Things are so bad these days in Mexico City that if you insist on not watching the World Cup, you could wind up watching How to Train Your Dragon 2, where Cate Blanchett does worse things to Irish accents than Germany did to Brazil. As we know from earlier exercises, Cate is better at being a French person than French people are, and in HTTYD2 she’s better at doing the worst Irish accent in the world than Tom Cruise, the previous record holder. It’s an animated movie; all Cate had to DO was talk, but apparently spending a week of so in a looping booth didn’t give her time to get into character, and her accent derails every scene she’s in and even some that she’s not in. The one good thing about it is that whenever she’s on screen you kind of forget the other accent disaster of how an island full of Scots vikings with no outside influences could breed a pack of irritating teenagers who all sound like Californians.
Good stuff; if you’ve always wished Gerald Butler would just DIE but you don’t think that 300 is kid-friendly, this is the movie you’ve been waiting for.
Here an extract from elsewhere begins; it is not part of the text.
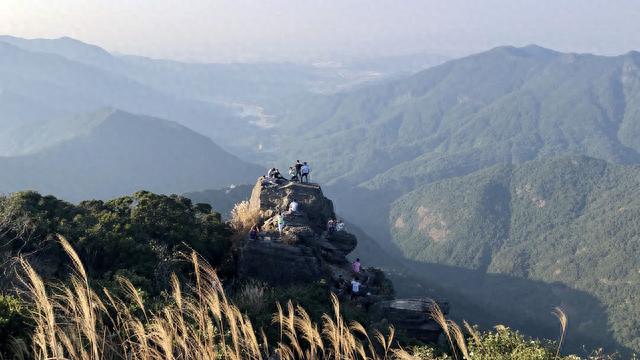 让我们一起穿越一千多米的高山芦苇荡，前往小九寨沟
If you’ve always thought Quidditch wasn’t quite stupid enough, the opening sequence will make your day. (If you’re JK Rowling’s IP lawyer, you’re probably hissing like a kettle made out of the Statue of Liberty about three minutes into the sequence and just flat out detonating when they produce a black sneetch, sorry, sheep, which is worth enough to win the whole game in one go even if you haven’t scored at all up to now.
It’s tempting to pretend to analyse the whole thing as though it were a carefully thought allegory of something in the real world, but I couldn’t think of a funny enough through line. Are dragons an allegory for air power? Is the movie trying to tell us that if air power falls into the hands of faceless hordes led by some dusky complected scar-face, fear and terror will befall the world, whereas if cute dumb Californian accented moppets and their comedy Scottish sidekicks are running the airpower, only bad folks will get their houses and lives exploded? What’s the message in having Kristen Wiig voice a lanky teenage girl who spends the whole movie ogling beefcake? Is it a clever comment on how teenage boys snigger at girls while leering at their arses, or is it supposed to represent female empowerment to do the same thing? Does Kristen Wiig really have nothing better to do than leer “Me likey” at random hunks?
Bizarrely enough, the director says that he based this movie on The Empire Strikes Back. I think I’m just going to let that sit there. No, wait. Does that mean that the third one is going to have Ewoks?